Panelists: Barry Siegel, Amy DePaul, Miles Corwin, Erika Hay

“We tell ourselves stories in order to live.” --  Joan Didion

Narrative is at the center of our lives, and human beings are hard-wired for stories.  The telling of stories helps us to understand ourselves, connect with others, form memories, and make sense of our world.  But stories can also divide us, and we are seeing this play out powerfully today in the news, in our communities, and in our social media feeds.  Many are now asking:

• What is a true story, really?
• How do people decipher fiction from fact in this era of online propaganda and fake news?
• How are the tools of storytelling manipulated to skew truth?
• How can we employ narrative technique to communicate truths?
• What is the role of journalistic narrative in a civil society?

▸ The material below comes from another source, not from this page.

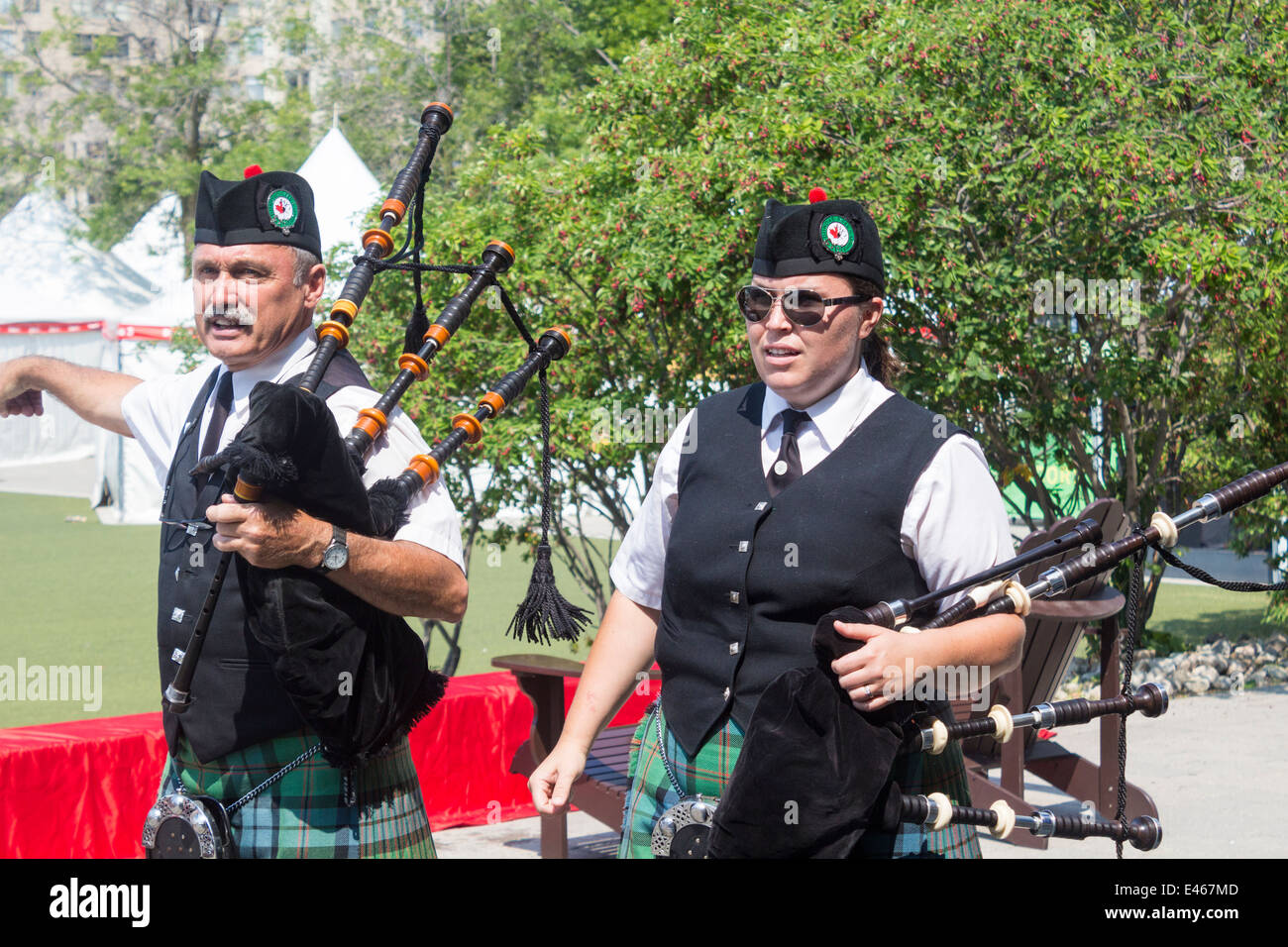 Male and female bagpipe players holding bagpipes for the Dundas Pipes and Drum at Harbourfront for Canada Day Stock Photo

The UC Irvine Literary Journalism Program is perfectly situated to engage these questions by forming a center for narrative here in Orange County.  Building on the historical strengths of the School of Humanities, which is renowned for its expertise in critical theory, creative writing, and literary studies, Literary Journalism’s new Center adds nonfiction storytelling to this esteemed list.  The Literary Journalism Program employs some of the top nonfiction storytellers in the country. We want to better share their insights with the broader campus and public. How can a scientist convey her research to the public in a way that captures the importance of her work? How can a public health worker illuminate a local crisis in a manner that evokes empathy and urgency? How can everyday individuals—students, retirees, schoolteachers, parents—express themselves in ways that engage the public on the issues they are passionate about?  And, most importantly, how can we communicate with each other in a way that contributes to a civil society?   We seek to share our appreciation and excitement for true storytelling with the academy and the public. We also want to offer journalists methods for becoming better storytellers. We want to train members of the media to protect themselves against spin and disinformation campaigns by becoming more careful and thoughtful reporters and writers.  We want to explore and deepen our understanding of the many ways that storytelling is at the heart of what it means to be human, and central to our recognition of human dignity in ourselves and in others.

In the spring of 2019. Literary Journalism secured a donation from UCI alumna Lavonne Smith to fund the first part of an ambitious project, aimed at recognizing the role of stories in our everyday lives.  Smith's gift provides crucial funding for a planned Storytelling Lab, which will form the core of the Center for Storytelling.